Susefirewall - Vlan openning ports problem

Hi everyone:
I have a server running some basic services to the web ( smtp,dns,http,pop). Normally to do that i have a fixed IP 24.xxxx
Now i want manage the DNS myself so buy to my provider one additional IP.

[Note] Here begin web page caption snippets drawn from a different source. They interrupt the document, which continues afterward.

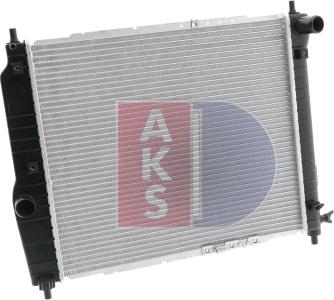 AKS Dasis 510068N - Радиатор, охлаждение двигателя autospares.lv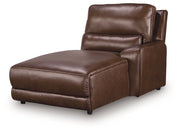DeepWakes Power Reclining Sectional with Chaise - Furniture Home Store (Hanford, CA)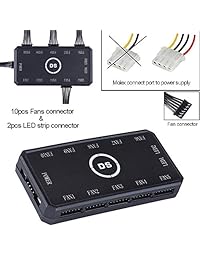 leddess inalámbrico RGB LED 120 ventilador de caja con driver para casos de PC, refrigeradores de CPU, ventiladores de radiadores System (6pcs RGB, control remoto de RF, una serie)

The hardware connection is:
cablemodem ---- (single utp cable) ---- server ---- switch to internal net

After fight some days i can get running vlan at boot time, i get the vlan with different mac address, and i have the fixed IP (200.xxx).

#ifconfig
enp0s10 Link encap:Ethernet HWaddr 00:00:00:00:00:00
inet addr:192.168.10.1
enp0s11 Link encap:Ethernet HWaddr 00:00:00:00:00:8B
inet addr:24.xxxxxxx
enp0s12 Link encap:Ethernet HWaddr 00:00:00:00:00:8C
inet addr:200.xxxxxx >>>>virtual<<<<

now my problem is SuSEfirewall2, all ports on enp0s12 seem closed when i run a external test.
http://mxtoolbox.com/SuperTool.aspx?action=scan%3A200.114.167.48&run=toolpage

I need at least port 53 open. I try edit on /etc/sysconfig/SuSEfirewall

     FW_DEV_EXT="enp0s11 enp0s12"

Also try execute in hand:
iptables -A INPUT -i enp0s12 -p tcp --dport 53 -m state --state NEW,ESTABLISHED -j ACCEPT
iptables -A OUTPUT -o enp0s12 -p tcp --sport 53 -m state --state ESTABLISHED -j ACCEPT
iptables -A INPUT -i enp0s12 -p udp --dport 53 -m state --state NEW,ESTABLISHED -j ACCEPT
iptables -A OUTPUT -o enp0s12 -p udp --sport 53 -m state --state ESTABLISHED -j ACCEPT

But the test still say “all ports closed”. Searching the logs i found:
/var/log/messages
SuSEfirewall2: Setting up rules from /etc/sysconfig/SuSEfirewall2 …
SuSEfirewall2: using default zone ‘ext’ for interface enp0s12
SuSEfirewall2: Firewall customary rules loaded from /root/bin/SuSEfirewall2-custom
schweb kernel: 8542.274025] net_ratelimit: 24 callbacks suppressed
schweb kernel: 8542.274043] IPv4: martian source XXXXXXXXXXXXXXXXXXXXXXXXx

into /var/log/firewall i didnt found any reference to enp0s12. Like not exist accepted or rejected packets.
My ISP say that they have all ports open

I will appreciate any clue.

Best Regards

Hello and welcome here.

Can you please tell us which version of openSUSE you use?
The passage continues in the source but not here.